For Mexican chef Santiago Lastra, whose restaurant, Kol, will soon open in central London, the formula for the perfect chilled soup goes like this: “Use something fresh that has a lot of natural water – cucumber, tomatoes, kohlrabi, or fruits like cherries – add some spice with half a scotch bonnet [if you don’t like chilli, use ginger or garlic], salt and acidity. Basically, that’s the vibe of cold soup.”
Don’t go overboard on the latter, though, and Lastra’s top tip is to use kombucha. He adds it to his favoured cucumber soup, which he strains and serves with razor clams cooked with garlic, or with shrimps, for a barbecue starter.
The outdoors is, of course, where it’s at for socialising these days. When the weather isn’t playing ball, however, a chilled soup that can also be warmed up will be your friend. McAlpine favours pea and basil: “Simmer frozen peas with vegetable stock until cooked, then add some basil and watercress, or mint, blitz and chill.” A creamy tomato soup is another top chilled/warmed option, she says.

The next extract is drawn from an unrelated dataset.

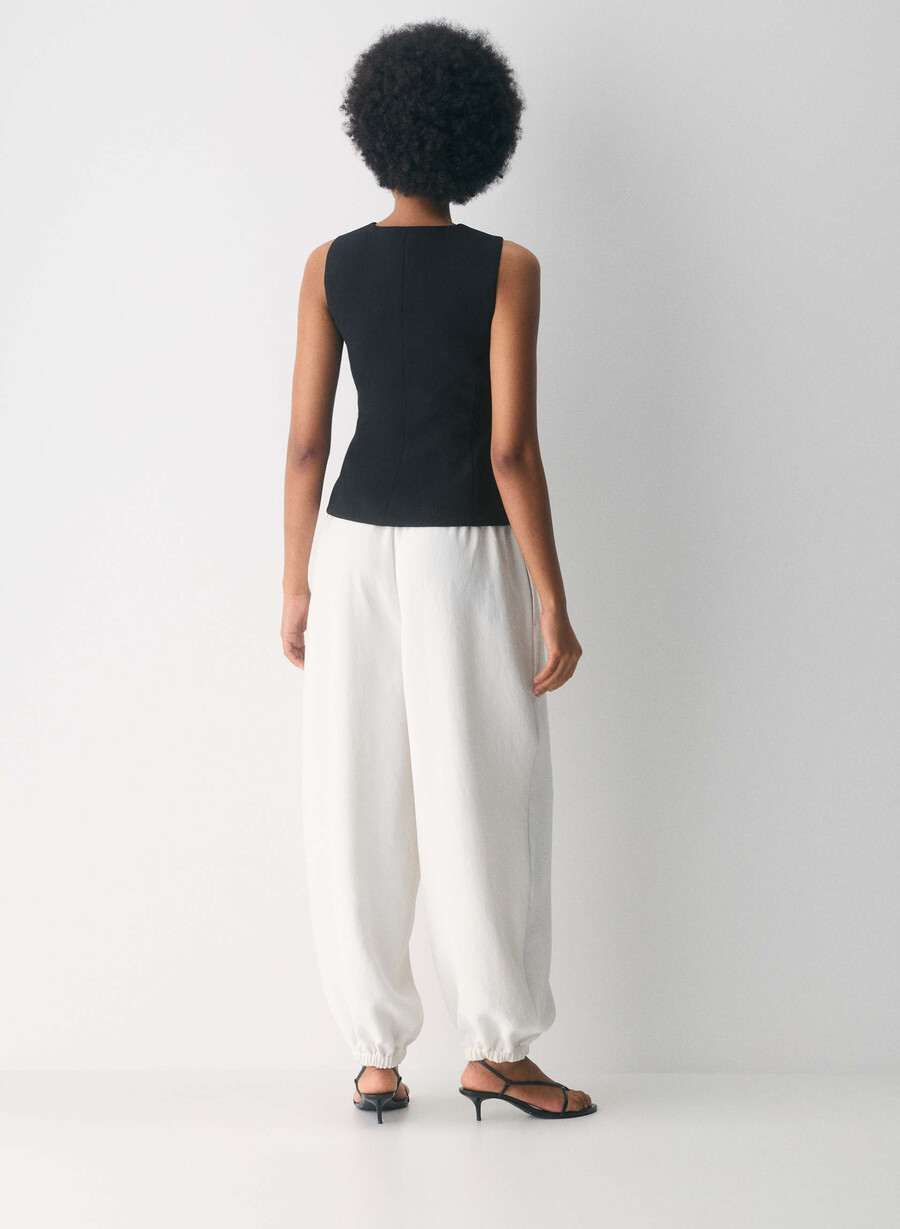 gilet regale - crepette nero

And don’t dismiss camp gazpacho outright, Neil, because, as chef and restaurateur José Pizarro says, “Gazpacho will save your life. In Spain, we have different ones: there is salmorejo, which is thicker, because you normally add bread; and my mum, Isabel, makes a melon gazpacho – cucumber, green peppers, tomatoes, black pepper, melon, vinegar, plenty of olive oil and croutons – which is stunning.” Carb lovers will also find joy in McAlpine’s other obsession: yoghurt, walnut and fennel soup, which she blitzes “like a smoothie” with stale bread and a little milk. “That’s the nice thing about cold soups,” she says. “There’s instant gratification.” A sprinkling of fresh herbs never goes amiss, nor does an ice cube or two if patience is not your strong point.
Few dishes aren’t improved by the addition of an egg, and Pizarro’s mum’s “thick and silky” fried egg gazpacho is no different. Fry the egg in olive oil, then add a bay leaf followed by fried stale bread (cut roughly into 1cm cubes) and garlic. Add everything to a bowl, discarding the bay, add fresh bread – crusts removed and broken up – and mix until it forms a paste. Then, Pizarro says, add water and vinegar and top with lemon-thyme croutons. “It’s something my mum loves, and if Isabel loves it, everyone loves it.” And who am I to argue?